In March 2005, the FASB issued FASB Interpretation No. 47,
“Accounting for Conditional Asset Retirement Obligations, an
interpretation of FASB Statement No.143” (FIN 47). The primary
purpose of FIN 47 is to clarify that an entity is required to recognize a
liability for the fair value of a conditional asset retirement obligation
when incurred if the liability’s fair value can be reasonably estimated.
FIN 47 is effective no later than the end of fiscal years ending after
December 15, 2005. The adoption of this guidance did not have a
material impact on our net earnings, cash flows or financial position.
14. Other Non-Current Assets
January 28, January 29,
(millions) 2006 2005
Prepaid pension expense $ 752 $ 733
Cash value of life insurance 524 446
Goodwill and intangible assets 183 206
Other 93 126
Total $1,552 $1,511
15. Goodwill and Intangible Assets
Goodwill and intangible assets are recorded within other non-current
assets at cost less accumulated amortization. Goodwill and intangible
assets by major classes were as follows:
Leasehold
Acquisition
Goodwill Costs Other Total
Jan. 28, Jan.29, Jan. 28, Jan.29, Jan. 28, Jan.29, Jan. 28, Jan.29,
(millions) 2006 2005 2006 2005 2006 2005 2006 2005
Gross asset $ 80 $ 80 $ 182 $ 185 $ 205 $ 201 $ 467 $ 466
Accumulated
amortization (20) (20) (70) (52) (194) (188) (284) (260)
Net goodwill
and intangible
assets $ 60 $ 60 $ 112 $ 133 $ 11 $ 13 $ 183 $ 206
Amortization is computed on intangible assets with definite useful
lives using the straight-line method over estimated useful lives that
range from three to 29 years. Amortization expense for the years
2005, 2004 and 2003 was $25 million, $27 million and $30 million,
respectively. The estimated aggregate amortization expense of our
definite-lived intangible assets for each of the five succeeding fiscal
years is as follows:
(millions) 2006 2007 2008 2009 2010
Amortization expense $23 $20 $19 $19 $17
We have goodwill and certain intangible assets that are not
amortized but instead are subject to an annual impairment test.

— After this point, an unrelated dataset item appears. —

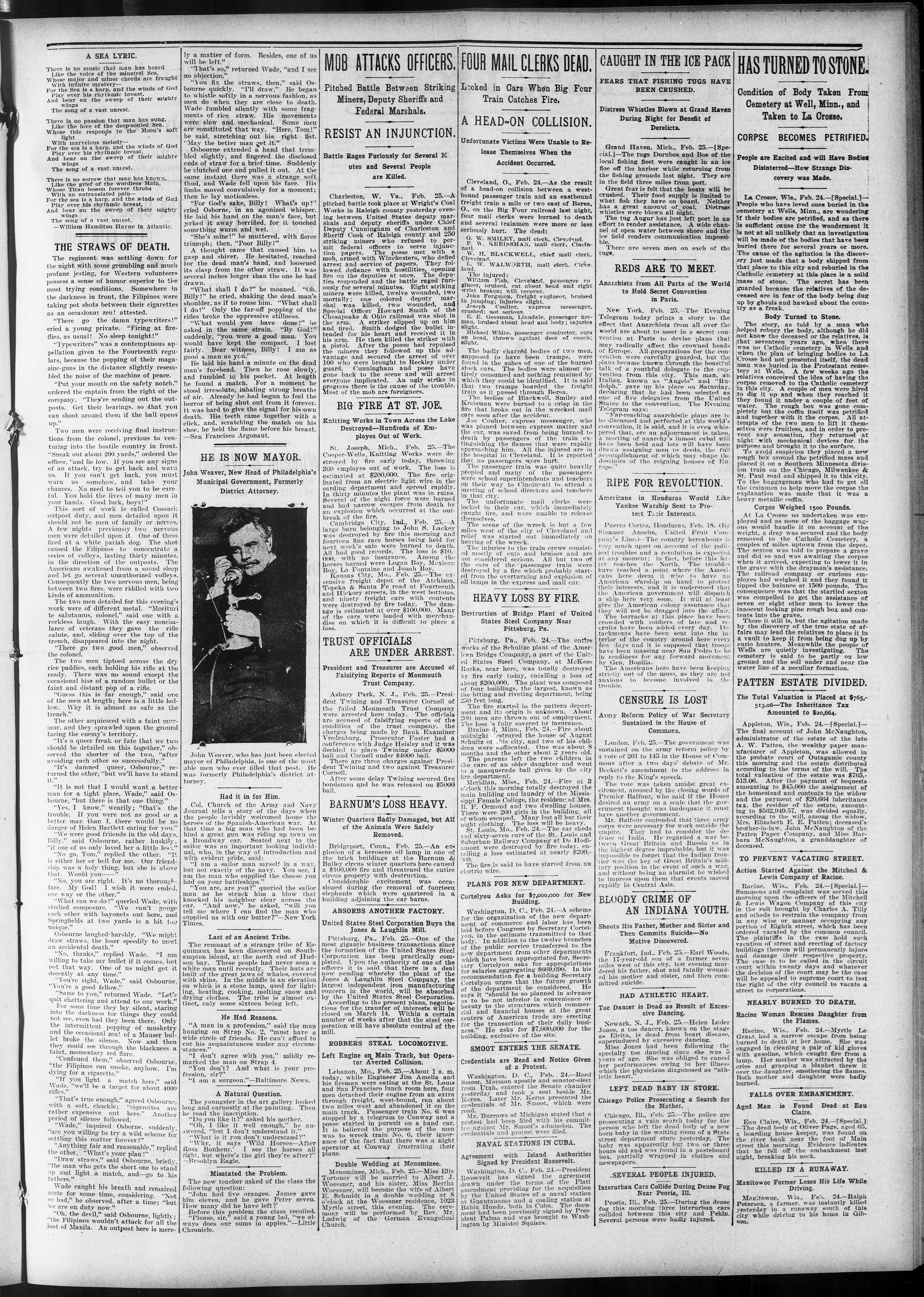 Image 3 of The Wisconsin weekly advocate (Milwaukee, Wis.), February 26, 1903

Discounted cash flow models are used in determining fair value for
the purposes of the required annual impairment analysis. No material
impairments were recorded in 2005, 2004 and 2003 as a result of
the tests performed.
During 2004, goodwill with an approximate carrying value of
$63 million was disposed of as part of the Marshall Field’s transaction.
16. Accounts Payable
Our accounting policy is to reduce accounts payable when checks
to vendors clear the bank from which they were drawn. Outstanding
checks included in accounts payable were $645 million and
$992 million at year-end 2005 and 2004, respectively.
17. Accrued Liabilities
January 28, January 29,
(millions) 2006 2005
Wages and benefits $ 506 $ 422
Taxes payable 366 287
Gift card liability 294 214
Other 1,027 710
Total $2,193 $1,633
Taxes payable consist of real estate, employee withholdings and sales tax liabilities.
Gift card liability represents the amount of gift cards that have been issued but have
not been redeemed, net of estimated breakage.
18. Commitments and Contingencies
At January 28, 2006, our obligations included notes and debentures
of $9,771 million (further discussed in Note 19, page 32), the present
value of capital lease obligations of $101 million and total future
payments of operating leases with total contractual lease payments
of $3,097 million, including certain options for lease term extension
that are expected to be exercised in the amount of $1,421 million
and $122 million of legally binding minimum lease payments for stores
that will open in 2006 (see additional detail in Note 22, pages 33-34).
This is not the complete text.